Zudem hat mindestens ein Fünftel (wahrscheinlich noch mehr) der Bevölkerung pädophile Phantasien. Das Vorherrschen von Kinderpornografie und Kinderprostitution ist ein Beweis dafür. Pädophile beginnen als "normale" Menschen und sind gründlich schockiert und bekümmert, wenn sie wenn sie ihre unerlaubte Präferenz für Personen in der Vorpubertät entdecken. Der Prozess und die Mechanismen des Übergangs von sozial akzeptierter Sexualität zur verurteilten (und strafbaren) Pädophilie liegen großenteils immer noch im Dunkeln.

Pädophile scheinen narzisstische und antisoziale (psychopathische) Züge zu haben. Es fehlt ihnen an Einfühlungsvermögen in ihre Opfer, und sie äußern keine Reue für ihre Taten. Sie leugnen und sind pathologische Fabulierer, sie rationalisieren ihre Vergehen und behaupten, die Kinder würden nur zu ihrem eigenen Wohl aufgeklärt, und es mache ihnen doch sowieso großen Spaß.

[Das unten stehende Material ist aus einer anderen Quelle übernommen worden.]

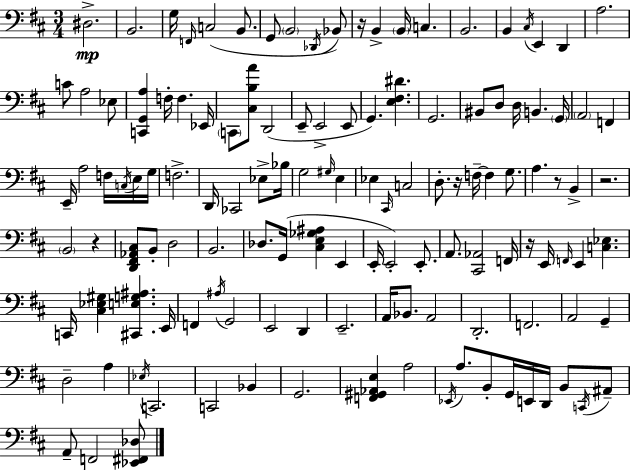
D#3/h. B2/h. G3/s F2/s C3/h B2/e. G2/e B2/h Db2/s Bb2/e R/s B2/q B2/s C3/q. B2/h. B2/q C#3/s E2/q D2/q A3/h. C4/e A3/h Eb3/e [C2,G2,A3]/q F3/s F3/q. Eb2/s C2/e [C#3,B3,A4]/e D2/h E2/e E2/h E2/e G2/q. [E3,F#3,D#4]/q. G2/h. BIS2/e D3/e D3/s B2/q. G2/s A2/h F2/q E2/s A3/h F3/s C3/s E3/s G3/s F3/h. D2/s CES2/h Eb3/e Bb3/s G3/h G#3/s E3/q Eb3/q C#2/s C3/h D3/e. R/s F3/s F3/q G3/e. A3/q. R/e B2/q R/h. B2/h R/q [D2,F#2,Ab2,C#3]/e B2/e D3/h B2/h. Db3/e. G2/s [C#3,E3,Gb3,A#3]/q E2/q E2/s E2/h E2/e. A2/e. [C#2,Ab2]/h F2/s R/s E2/s F2/s E2/q [C3,Eb3]/q. C2/s [C#3,Eb3,G#3]/q [C#2,E3,G3,A#3]/q. E2/s F2/q A#3/s G2/h E2/h D2/q E2/h. A2/s Bb2/e. A2/h D2/h. F2/h. A2/h G2/q D3/h A3/q Eb3/s C2/h. C2/h Bb2/q G2/h. [F2,G#2,Ab2,E3]/q A3/h Eb2/s A3/e. B2/e G2/s E2/s D2/s B2/e C2/s A#2/e A2/e F2/h [Eb2,F#2,Db3]/e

Die Egosyntonie eines Pädophilen beruht auf seinen alloplastischen Verteidigungsmechanismen. Generell neigt er dazu, anderen (oder der Welt oder dem "System") die Schuld zu geben für sein Pech, sein Versagen und für seine Defizite. Pädophile beschuldigen häufig ihre Opfer, diese handelten promisk, sie würden sie "anmachen", die Versuchung würde von ihnen ausgehen, sie würden sie provozieren und anlocken (oder ihnen sogar eine Falle stellen).

Pädophile interpretieren - ähnlich wie Autisten - die Körpersprache eines Kindes und die interpersonellen Einsatzzeichen falsch. Ihre sozialen Kommunikationsfähigkeiten sind beeinträchtigt, und ihnen gelingt es nicht, erhaltene Informationen an die Umstände der Umgebung anzupassen (zum Beispiel an Alter und Reife eines Kindes).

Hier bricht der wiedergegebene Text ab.